### Work item
A faithful copy is needed of the lines below from the one with "Exterior, Lake" up to and including the one with "KIDSWORLD Robe en"; set it down with no pictures and no other lines.

### Input records
Segment Open
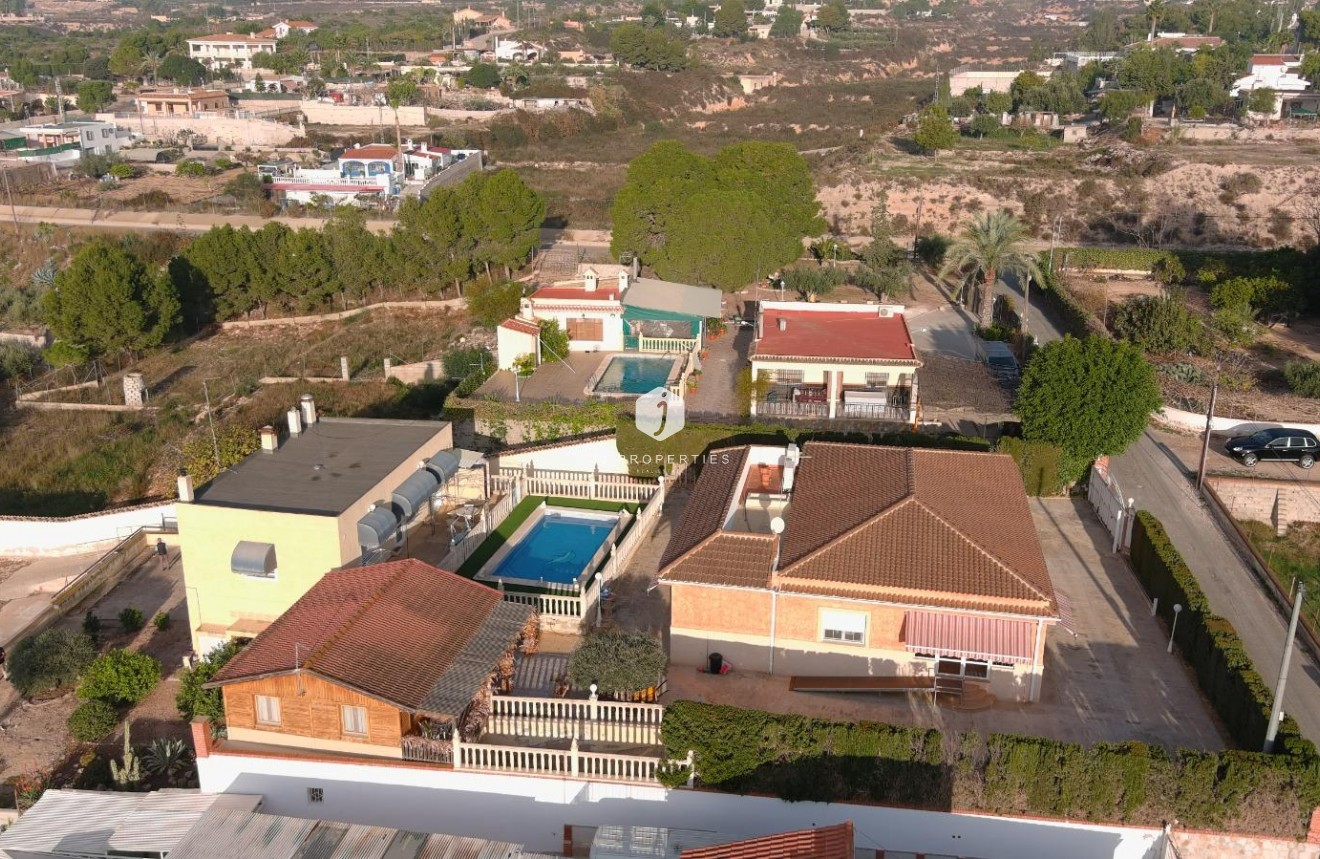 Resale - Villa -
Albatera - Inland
Segment Closed
Segment Open
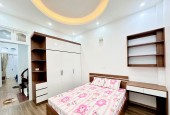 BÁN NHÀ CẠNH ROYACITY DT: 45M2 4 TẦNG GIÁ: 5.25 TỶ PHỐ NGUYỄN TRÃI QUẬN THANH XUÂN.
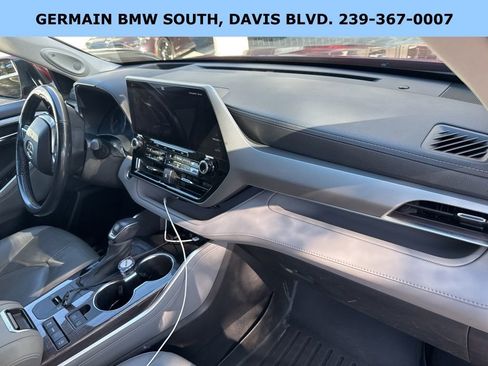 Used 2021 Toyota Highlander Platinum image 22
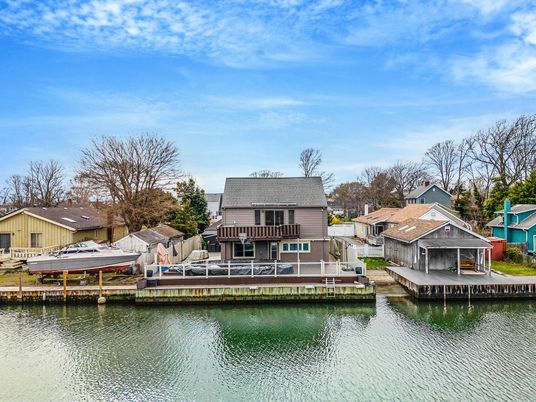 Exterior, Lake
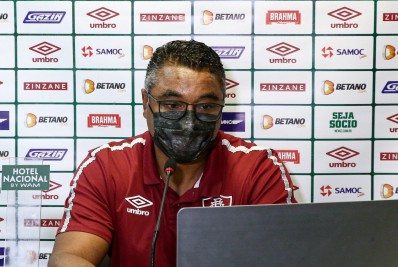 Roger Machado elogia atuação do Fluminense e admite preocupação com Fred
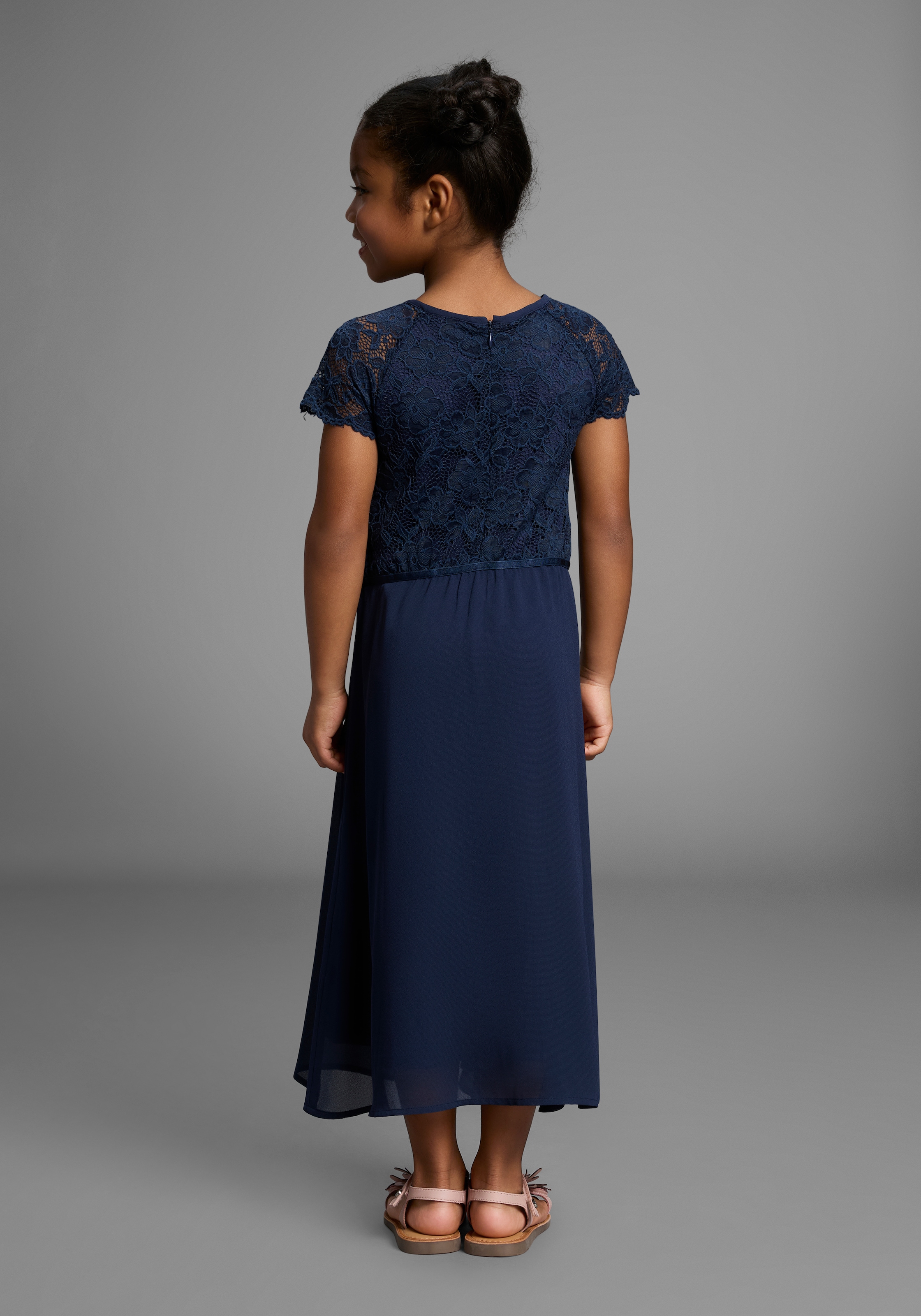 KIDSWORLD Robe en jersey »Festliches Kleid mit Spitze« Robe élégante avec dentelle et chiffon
Segment Closed
### Output for this task
 Exterior, Lake
 Roger Machado elogia atuação do Fluminense e admite preocupação com Fred
 KIDSWORLD Robe en jersey »Festliches Kleid mit Spitze« Robe élégante avec dentelle et chiffon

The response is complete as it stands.